Buying a house is an exciting prospect, but there are a number of financial elements that need to be considered before shopping for a new home, particularly with regard to debt management. You’ll need to consider what you can afford, calculate your cash availability, and become familiar with your credit score. 1st & Main Investment Advisors can help you gain your financial freedom, but in the meantime, consider these tips before you take the leap toward homeownership.
Know Your Score
Lenders determine your creditworthiness, to a large extent, by your credit score. Your credit score is a compilation of data compiled by three credit reporting agencies, Experian, TransUnion, and Equifax. These companies track information from all of your creditors about how you use credit, and how much debt you carry. According to CNBC, you shouldn’t be using more than 30 percent of your available credit – for example, that means carrying a balance of no more than $300 on a $1,000-limit credit card. If you’re under that threshold and pay your bills on time, you probably have a good credit score. If you’re regularly missing payments, are in collections, or have maxed out your cards, your score is likely to be lower.

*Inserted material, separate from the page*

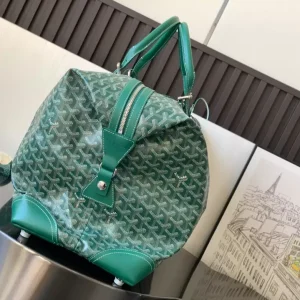 Goyard Bowling 55 Bag - GYB235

Improving Your Credit Rating
Mortgage lenders determine not only the loan products available to you but loan amounts and interest rates, based on your income, your outstanding debt (known as debt-to-income ratio) and your credit score. Consumers have the right to request a free credit report each year. You can also pay for your own reports via the different reporting agencies. If there are any inaccuracies, reporting agencies have an appeals process whereby you can petition to have the incorrect information removed. You should also be able to view your credit utilization, which will help you understand where it’s most prudent to pay down debt as a way to increase your score. According to Real Simple, not all debt is bad, some is actually good – it shows lenders you can responsibly use credit.
Comparing Loan Options
There are a variety of different loan options when it comes to buying a house. Lenders typically require that you put down a certain percentage when you buy a home, which can range from 0-20 percent or more. For example, if you want to buy a $200,000 property, you may have to come up with as much as $40,000 in cash to make the purchase. That can be a steep price for many people, but fortunately, there are a wide range of specialized loan packages you might be eligible to utilize, such as first-time homebuyer loans, rural loans, or VA loans, which are available to military veterans.
Finding Your Home
Many people start their home-buying search by looking at online real estate sites, or getting a real estate agent to help them. An agent can be an asset in many ways, and they can also introduce you to lenders who can help you evaluate your finances and make a plan for finding and buying a home in your price range. Keep in mind, even if a lender says you are qualified for “X” amount of mortgage funding, you should still assess your budget and buy a home that you’ll be able to comfortably afford. Remember, your mortgage often includes not just the cost of the loan, but insurance, real estate, and escrow fees as well.
Proper financial planning is the first step on the path to homeownership.